The crystal structure of 2 is the same as reported isostructural of K₂[Fe(μ-C₂O₄)(C₂O₄)] [17]. It consists of K⁺ and zigzag chain [Co(μ-C₂O₄)(C₂O₄)²⁻]_n (Figure 2b). There are one and two half K⁺, one Co²⁺, one and two half oxalato in an independent unit. Co²⁺ is trigonal-prismatic coordinated by three oxalate anions with Co-O distance 2.058(3)~2.151(4) Å. K⁺ is in the vacant formed by Co(C₂O₄)₂²⁻ chain.

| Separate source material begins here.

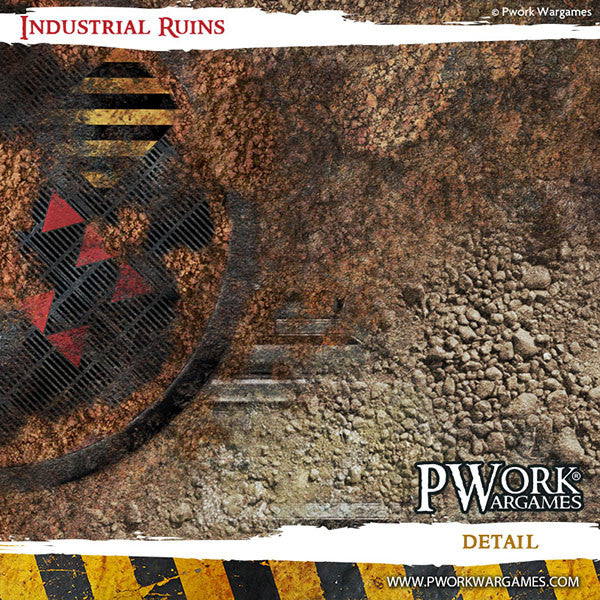 PWork Wargames Neoprene/Rubber Terrain Mat: Industrial Ruins - 44x60"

Depending on the extensive hydrogen bonds in 1 and zigzag chained structure of 2, the magnetic properties of them were investigated. The transformation from 1 to 2 is irreversible. The sample was checked and remained the same before and after magnetic experiments.

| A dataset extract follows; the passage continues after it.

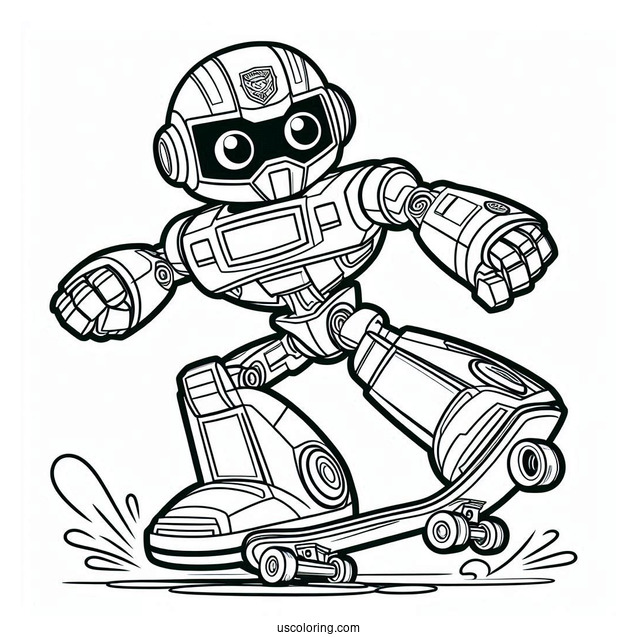 Rescue Bots Coloring Page Of Cody Burns Skateboarding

1: χT is 3.41 cm³ K mol⁻¹ at 300 K. It is significantly larger than the value of 1.875 cm³ K mol⁻¹ expected for an isolated, spin-only ion with S = 3/2 and g = 2.00. This suggests a strong spin-orbit coupling. [20,21,22] The χT value decreased upon cooling and reached 1.30 cm³ K mol⁻¹ at 2 K. The susceptibility data above 50 K fit the Curie–Weiss law well, giving Curie and Weiss constants of C = 3.613(6) cm³ K mol⁻¹ and θ = −21.2(2) K, respectively, with R = 3.74 × 10⁻⁵ (Figure 3). The negative Weiss constant means the antiferromagnetic interaction between Co²⁺ ions through hydrogen bonds. At 2 K, the isothermal magnetization is 2.24 Nβ at 65 kOe (Figure 4). No long-range magnetic ordering was observed in 1.

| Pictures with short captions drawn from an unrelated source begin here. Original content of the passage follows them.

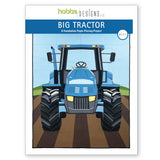 Cover for a Big Tractor quilt pattern by Hobbs Designs, featuring a baby blue tractor on a sky and field background.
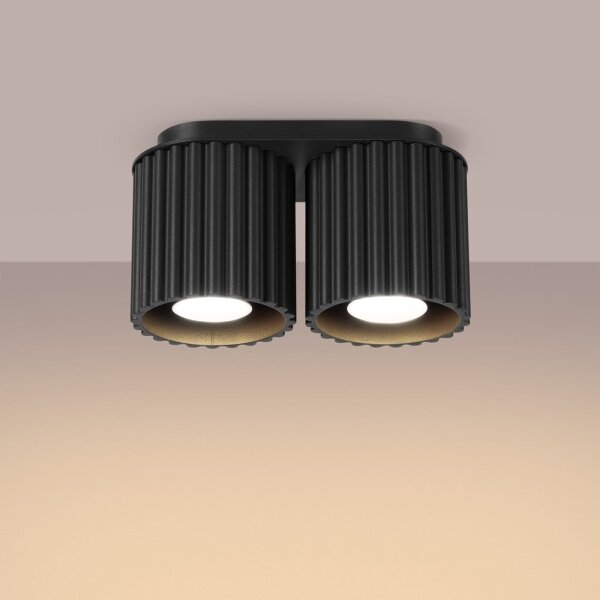 Sollux SL.1785 - Faretto AURA 2xGU10/10W/230V nero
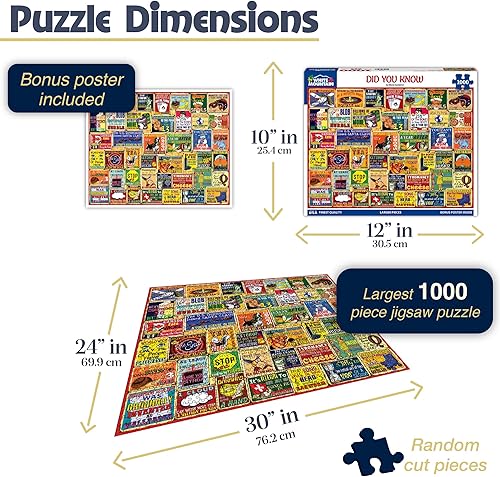 Miniatura 2 de White Mountain Rompecabezas divertido de 1000 piezas para adultos, rompecabezas vintage de collage para personas mayores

2: On χ versus T plot, a broad maximum of 0.031 cm³ mol⁻¹ was observed around 50 K, which is similar to reported oxalate-bridged one-dimensional compounds [15,17,20]. Then χ value decreased upon cooling smoothly, it is 0.0070 cm³ mol⁻¹ at 2 K. At 300 K, χT is 3.24 cm³ K mol⁻¹, this means a strong spin-orbit coupling of Co²⁺ as 1. The χT value decrease upon cooling and reach 0.014 cm³ K mol⁻¹ at 2 K. The data above 120 K were fitted with Curie–Weiss law, giving Curie and Weiss constant C = 3.66(2) cm³ K mol⁻¹, θ = −35(1) K, R = 4.96 × 10⁻⁵. Field-cooled magnetization (FCM) and zero-field-cooled magnetization (ZFCM) measurements under a field of 10 Oe show a magnetic ordering at 8.2 K (Figure 3, inset). At 2 K, the isothermal magnetization increases smoothly and reaches 0.072 Nβ at 65 kOe. The Hysteresis loop (Hc) is 500 Oe.

3. Conclusions

Orange 1 transfer to pink 2 by dehydration. 1 is composed of K⁺, mononuclear coordination anion Co(C₂O₄)₂(H₂O)₂⁻ and H₂O with extensive hydrogen bond between anion and H₂O, H₂O, and H₂O. 2 is consisted of K⁺ and zigzag chain anion [Co(μ-C₂O₄)(C₂O₄)²⁻]_n. The antiferromagnetic interaction in 1 from hydrogen bonds is weaker than oxalate-bridge in 2 [23]. 2 shows antiferromagnetic ordering at 8.2 K.